▶ Data
*-*-*
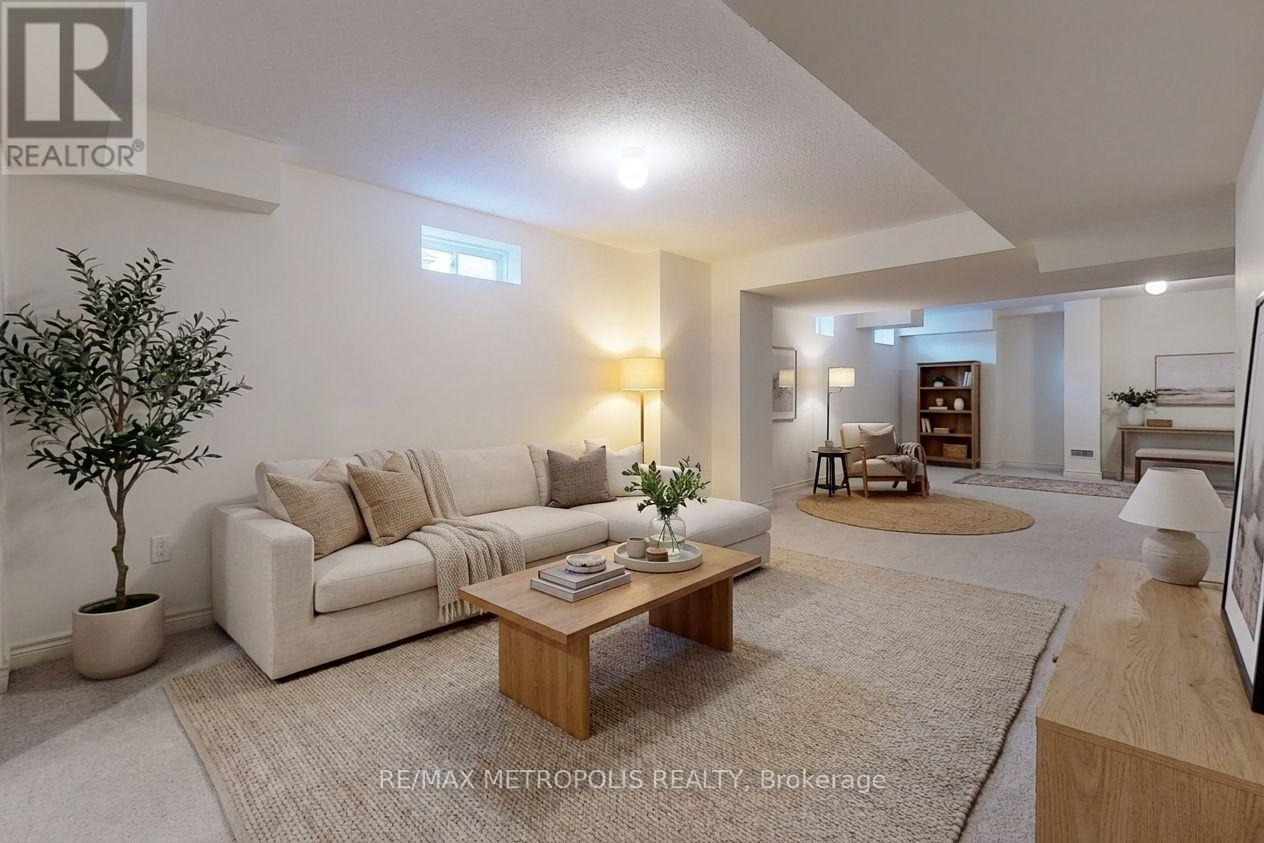 647 FLEETWOOD DRIVE - 44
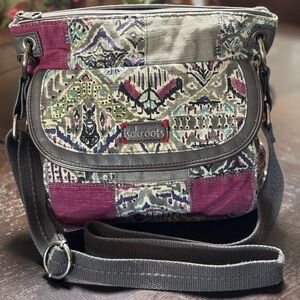SakRoots crossbody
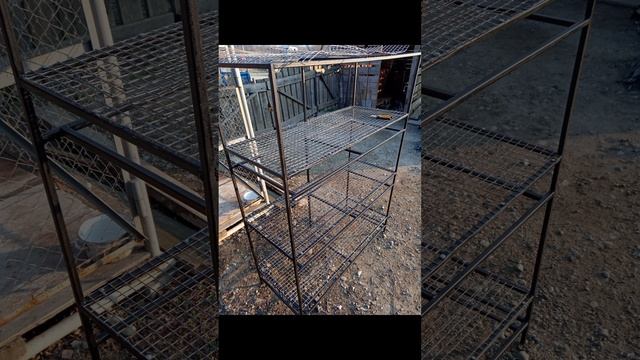 Трехъярусная клетка для молодняка птицы
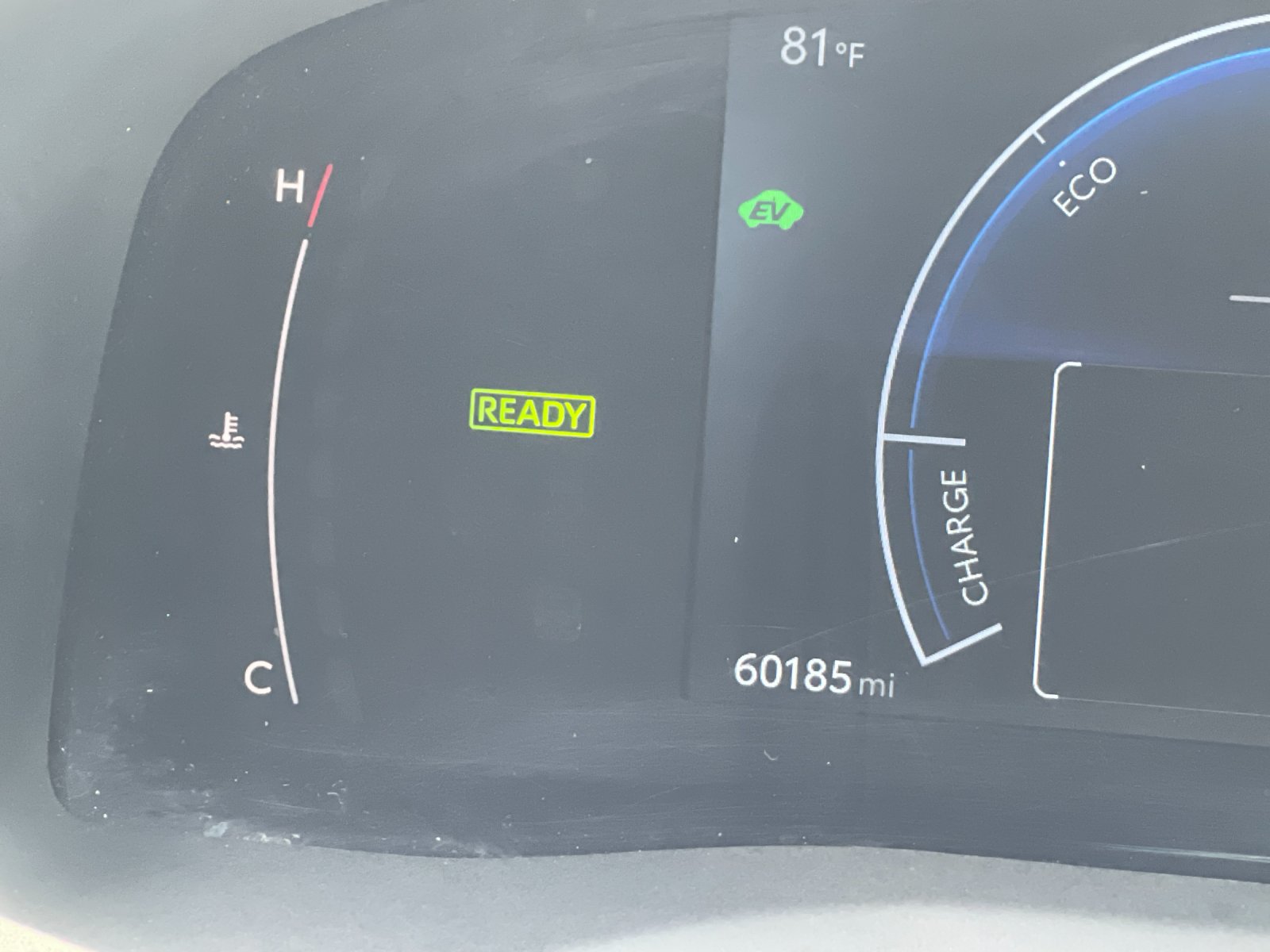 Used 2025  Toyota SE image 28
*-*-*
▶ Exercise goal
Starting at the line that contains "SakRoots crossbody" and ending with the last line of the data, transcribe every line exactly; skip the pictures.

▶ Task answer
SakRoots crossbody
 Трехъярусная клетка для молодняка птицы
 Used 2025  Toyota SE image 28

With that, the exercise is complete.